Hi all,

I am working on my MSc. and I have data for 201 participants who each made 457 choices (total choices ~ 91,000 choices). I am using a binary logit model of choice 1 and choice 2 groupings. I am using STATA 15. I have no problems running my logit regression (see example below) but I am having trouble with the interaction terms showing up when I do the marginal effects. The marginal effects for the interaction term disappears so I can't estimate the effect size for the interaction term. I have been trying to find the answer to this for a few days and I have read a lot about how to operationalize the commands (Thank you, Richard Williams & Clyde Schechter for all your answers especially). Obviously, I am either trying to do something I shouldn't be doing or going about it the wrong way. Any help would be appreciated greatly. I am clustering the standard errors by ID (of each person)-- also unsure if I should be doing that but it isn't the focus of this question.

Background: anything with i. is a factor variable (0,1) and otherwise, it is continuous.

. logit buy i.treatment##i.income_low i.female i.young i.fulltime i.children i.recentimmigrin
> t i.highschool_or_below price nvs_score_total, cluster(ID)

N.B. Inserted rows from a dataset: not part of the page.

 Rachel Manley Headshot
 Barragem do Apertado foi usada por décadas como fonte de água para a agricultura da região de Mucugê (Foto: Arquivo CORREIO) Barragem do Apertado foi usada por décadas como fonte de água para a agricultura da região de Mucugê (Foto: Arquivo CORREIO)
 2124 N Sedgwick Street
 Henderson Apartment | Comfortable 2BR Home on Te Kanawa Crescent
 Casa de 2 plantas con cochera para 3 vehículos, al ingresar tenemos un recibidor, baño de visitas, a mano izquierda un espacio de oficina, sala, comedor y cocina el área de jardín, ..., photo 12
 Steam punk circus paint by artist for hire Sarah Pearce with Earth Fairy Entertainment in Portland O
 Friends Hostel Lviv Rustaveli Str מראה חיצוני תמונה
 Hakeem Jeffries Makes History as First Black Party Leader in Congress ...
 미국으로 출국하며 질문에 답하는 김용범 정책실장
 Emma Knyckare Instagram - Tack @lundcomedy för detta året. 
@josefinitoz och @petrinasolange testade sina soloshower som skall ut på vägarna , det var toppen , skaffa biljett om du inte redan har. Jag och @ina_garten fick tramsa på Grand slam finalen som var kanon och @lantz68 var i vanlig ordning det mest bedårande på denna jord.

Iteration 0: log pseudolikelihood = -4419.9312
Iteration 1: log pseudolikelihood = -4386.08
Iteration 2: log pseudolikelihood = -4384.7678
Iteration 3: log pseudolikelihood = -4384.765
Iteration 4: log pseudolikelihood = -4384.765

Logistic regression Number of obs = 91,857
Wald chi2(11) = 59.14
Prob > chi2 = 0.0000
Log pseudolikelihood = -4384.765 Pseudo R2 = 0.0080

(Std. Err. adjusted for 201 clusters in ID)
---------------------------------------------------------------------------------------
| Robust
buy | Coef. Std. Err. z P>|z| [95% Conf. Interval]
----------------------+----------------------------------------------------------------
1.treatment | -.2627016 .0917476 -2.86 0.004 -.4425235 -.0828797
1.income_low | -.2187479 .1241379 -1.76 0.078 -.4620536 .0245579
|
treatment#income_low |
1 1 | .4124181 .217789 1.89 0.058 -.0144404 .8392766
|
1.female | .0782018 .084832 0.92 0.357 -.0880658 .2444695
1.young | -.2152019 .099856 -2.16 0.031 -.4109162 -.0194877
1.fulltime | .0954429 .0888683 1.07 0.283 -.0787357 .2696215
1.children | .0427962 .1040897 0.41 0.681 -.1612158 .2468082
1.recentimmigrint | -.2436619 .1236873 -1.97 0.049 -.4860846 -.0012392
1.highschool_or_below | .2040199 .1194476 1.71 0.088 -.030093 .4381329
price | -.1089045 .0244309 -4.46 0.000 -.1567883 -.0610208
n_score_total | .0225023 .0299007 0.75 0.452 -.0361019 .0811065
_cons | -4.385361 .1775846 -24.69 0.000 -4.73342 -4.037301
---------------------------------------------------------------------------------------

margins, dydx(*) atmeans

---------------------------------------------------------------------------------------
| Delta-method
| dy/dx Std. Err. z P>|z| [95% Conf. Interval]
----------------------+----------------------------------------------------------------
1.treatment | -.0014183 .0006661 -2.13 0.033 -.0027239 -.0001127
1.income_low | -.0000747 .0009576 -0.08 0.938 -.0019515 .001802
1.female | .0006153 .000663 0.93 0.353 -.0006841 .0019147
1.young | -.0016644 .0007549 -2.20 0.027 -.0031441 -.0001847
1.fulltime | .000764 .000719 1.06 0.288 -.0006453 .0021733
1.children | .0003424 .0008402 0.41 0.684 -.0013044 .0019891
1.recentimmigrint | -.0018043 .0008555 -2.11 0.035 -.0034811 -.0001276
1.highschool_or_below | .0017283 .0010859 1.59 0.111 -.0004 .0038566
price | -.0008627 .0001912 -4.51 0.000 -.0012374 -.0004881
nvs_score_total | .0001783 .0002363 0.75 0.451 -.0002848 .0006413
---------------------------------------------------------------------------------------
Note: dy/dx for factor levels is the discrete change from the base level.